Many classic works of literature are rife with themes of mental and physical disability. There’s the iconic hunchback in Victor Hugo’s “Notre-Dame de Paris,” disability as “entertainment” in “The Elephant Man,” the question of disability and stigma in Mary Shelley’s “Frankenstein,” and the equation of physical disability and evil in Shakespeare’s “Richard III.”
As common as disability is in literature, few opportunities have existed to examine it from a cross-disciplinary, academic perspective.
This semester, University of Notre Dame students will have that chance in an Arts and Letters course titled “Disability.”
Taught by Essaka Joshua, professional specialist in the philosophy department, the course not only will explore the depiction of disability in literature and culture, but also will examine the politics of disability, legislation and human rights action – on par with issues of race, gender and sexual orientation.
“I want to build on those topics, to add another `other,’” said Joshua, previously an associate professor of English literature at the University of Birmingham in the United Kingdom. “I want disability studies to be the place where students interested in other forms of discrimination need to go next.”
As a member of the Disability Studies Society, Joshua has followed guidelines set forth by the membership regarding emerging programs in disabilities studies, which require a multidisciplinary approach that “encourages students, activists, teachers, artists, practitioners and researchers to engage the subject matter from various disciplinary perspectives.”
The new course already is filled to capacity, drawing students from anthropology, psychology, English and American studies.

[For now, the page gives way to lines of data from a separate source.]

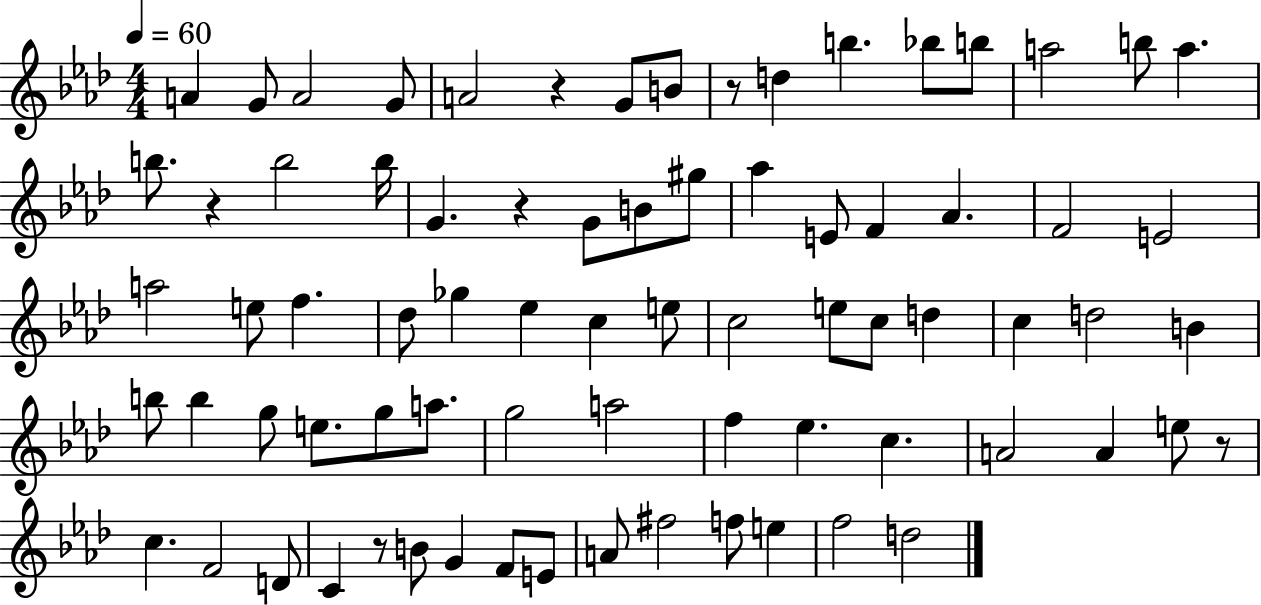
{
  \clef treble
  \numericTimeSignature
  \time 4/4
  \key aes \major
  \tempo 4 = 60
  a'4 g'8 a'2 g'8 | a'2 r4 g'8 b'8 | r8 d''4 b''4. bes''8 b''8 | a''2 b''8 a''4. | \break b''8. r4 b''2 b''16 | g'4. r4 g'8 b'8 gis''8 | aes''4 e'8 f'4 aes'4. | f'2 e'2 | \break a''2 e''8 f''4. | des''8 ges''4 ees''4 c''4 e''8 | c''2 e''8 c''8 d''4 | c''4 d''2 b'4 | \break b''8 b''4 g''8 e''8. g''8 a''8. | g''2 a''2 | f''4 ees''4. c''4. | a'2 a'4 e''8 r8 | \break c''4. f'2 d'8 | c'4 r8 b'8 g'4 f'8 e'8 | a'8 fis''2 f''8 e''4 | f''2 d''2 | \break \bar "|."
}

Studying writers who are disabled as well as those who are not, readings for the class include texts that deal with issues that are important to disabilities studies: “Brave New World,” “Volpone,” “Richard III,” and “Notre-Dame de Paris,” among others.
Discussions will span the disciplines to include theology, architecture, art, ethics, sociology, film and psychology, and will challenge the commonly held view that disability is an individual defect that can be remedied through medical intervention alone.
Additionally, students in the class can support their traditional learning with a service requirement at Logan Center, which provides programming for people with disabilities in the South Bend area.
The placement will be one to two hours per week, most likely at Logan’s Autism Center or the Adult Day Services program.
“Integrating the service-learning experiences with the more traditional elements of the course will provide students with a more fully developed perspective of disabilities,” Joshua said.